**MATERIAL TO PROCESS**
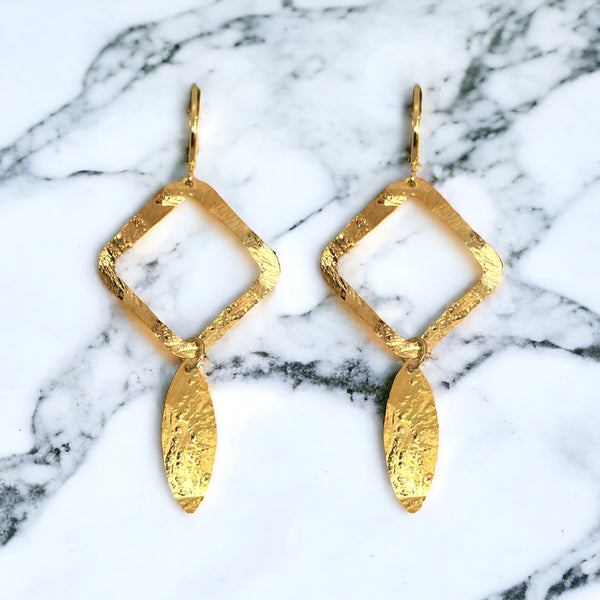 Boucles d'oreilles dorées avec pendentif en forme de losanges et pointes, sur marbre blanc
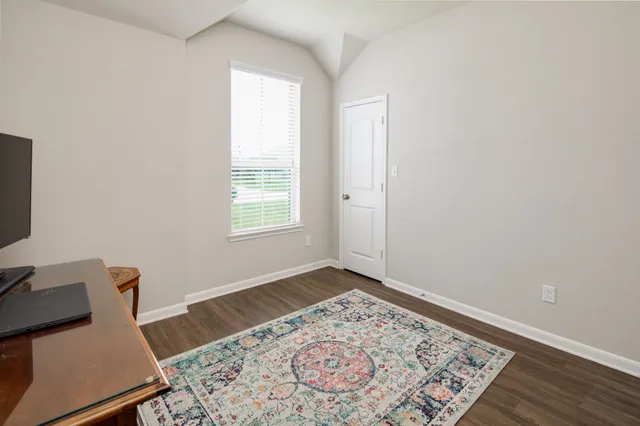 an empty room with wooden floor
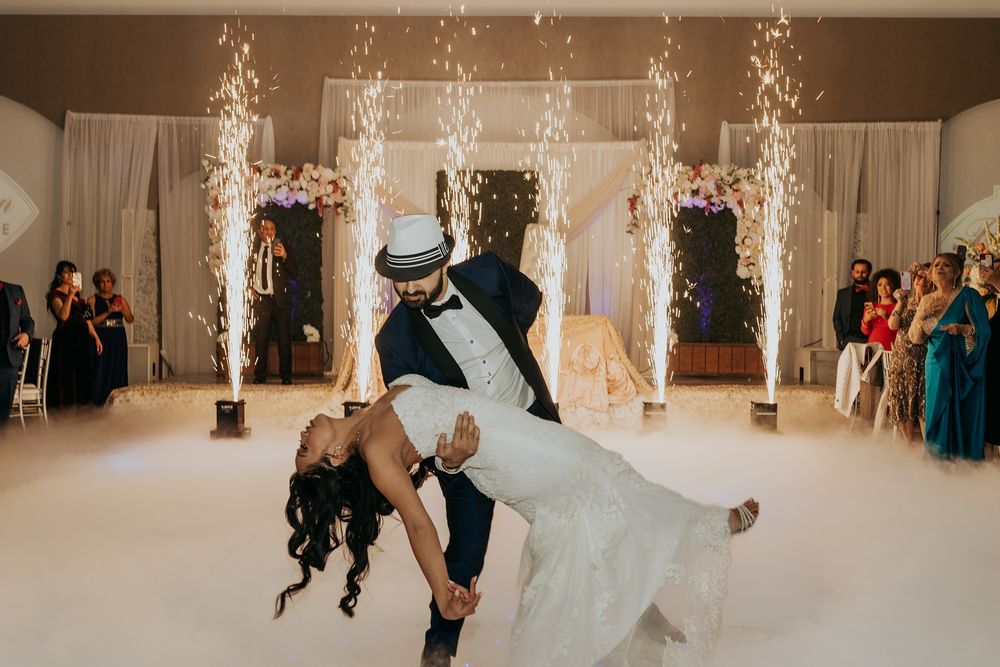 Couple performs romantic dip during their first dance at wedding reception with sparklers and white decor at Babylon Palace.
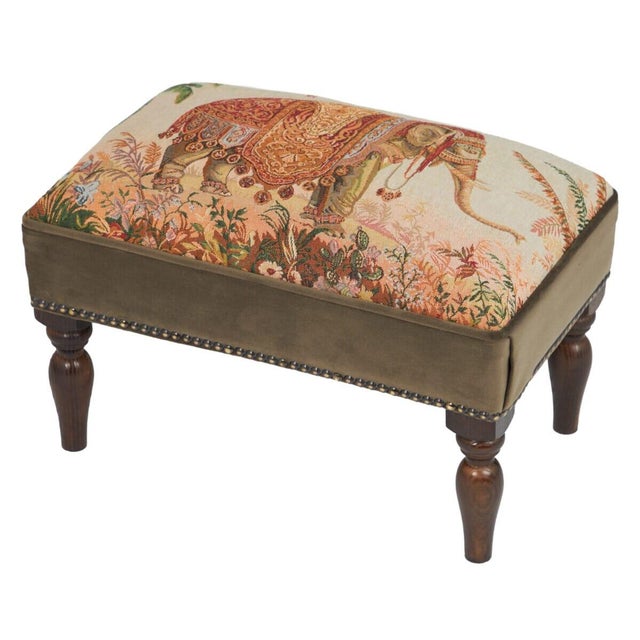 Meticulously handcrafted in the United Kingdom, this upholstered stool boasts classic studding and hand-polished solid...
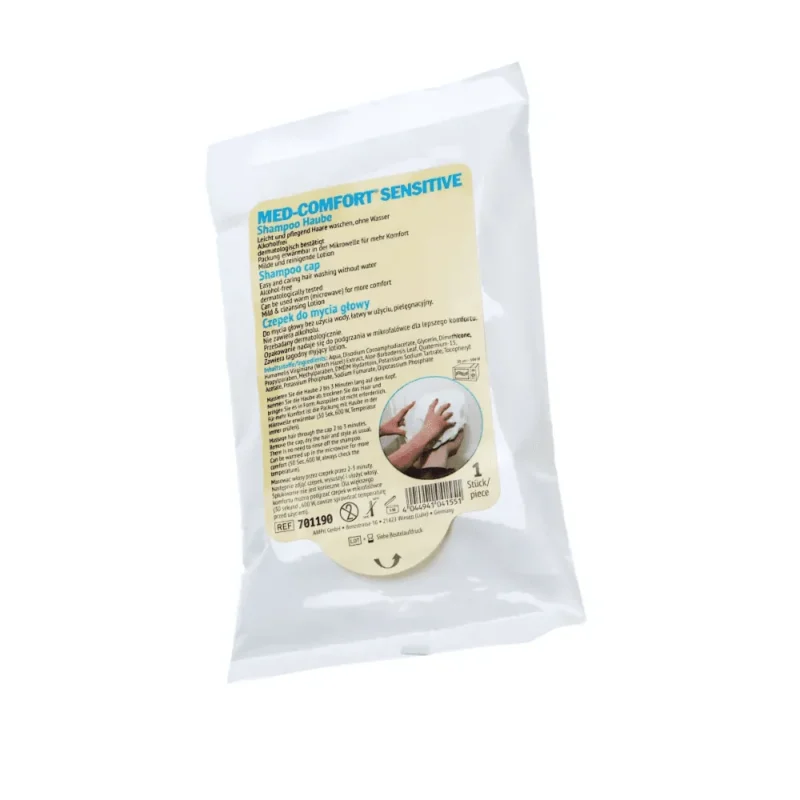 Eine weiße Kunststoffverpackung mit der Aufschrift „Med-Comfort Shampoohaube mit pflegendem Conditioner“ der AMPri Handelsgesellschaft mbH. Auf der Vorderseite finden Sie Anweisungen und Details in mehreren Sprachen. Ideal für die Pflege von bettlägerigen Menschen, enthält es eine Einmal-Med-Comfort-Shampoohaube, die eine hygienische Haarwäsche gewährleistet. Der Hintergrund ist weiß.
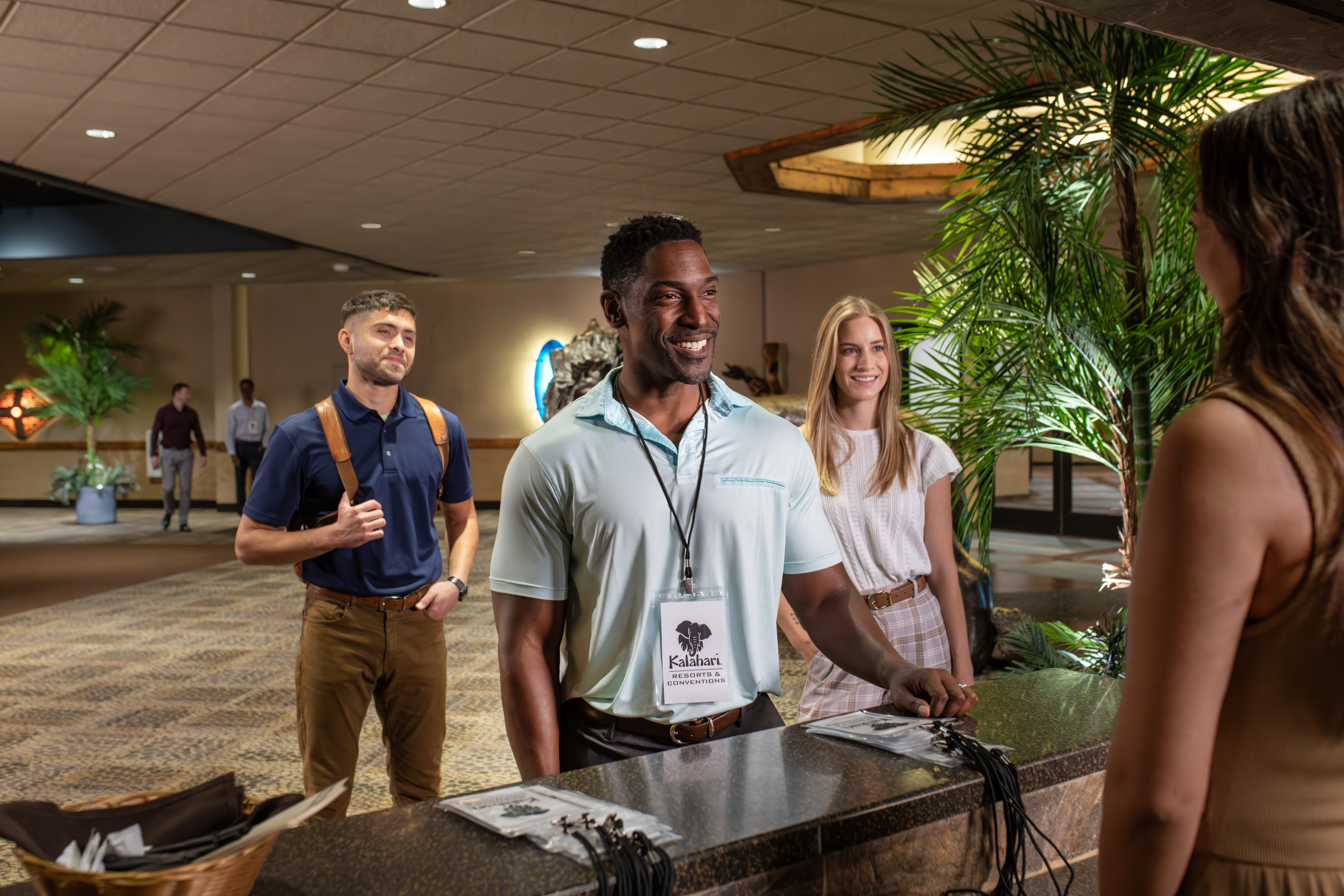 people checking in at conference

...

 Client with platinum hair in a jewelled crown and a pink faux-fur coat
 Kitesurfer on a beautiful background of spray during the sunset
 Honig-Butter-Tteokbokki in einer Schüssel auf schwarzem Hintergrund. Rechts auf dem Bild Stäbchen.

==

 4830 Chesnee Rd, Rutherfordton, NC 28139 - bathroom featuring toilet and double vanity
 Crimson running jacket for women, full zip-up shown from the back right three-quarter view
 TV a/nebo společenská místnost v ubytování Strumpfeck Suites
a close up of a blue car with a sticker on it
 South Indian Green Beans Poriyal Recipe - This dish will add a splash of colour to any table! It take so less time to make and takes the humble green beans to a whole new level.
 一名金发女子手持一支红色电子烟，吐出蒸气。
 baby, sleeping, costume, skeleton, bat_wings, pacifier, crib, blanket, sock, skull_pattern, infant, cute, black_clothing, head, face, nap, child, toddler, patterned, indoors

**TASK PROMPT**
Your task is to transcribe, with no changes, only the lines of the listing above that lie between the line holding "Crimson running jacket" and the line holding "toddler, patterned, indoors", inclusive.

**THE COMPLETED TASK**
 Crimson running jacket for women, full zip-up shown from the back right three-quarter view
 TV a/nebo společenská místnost v ubytování Strumpfeck Suites
a close up of a blue car with a sticker on it
 South Indian Green Beans Poriyal Recipe - This dish will add a splash of colour to any table! It take so less time to make and takes the humble green beans to a whole new level.
 一名金发女子手持一支红色电子烟，吐出蒸气。
 baby, sleeping, costume, skeleton, bat_wings, pacifier, crib, blanket, sock, skull_pattern, infant, cute, black_clothing, head, face, nap, child, toddler, patterned, indoors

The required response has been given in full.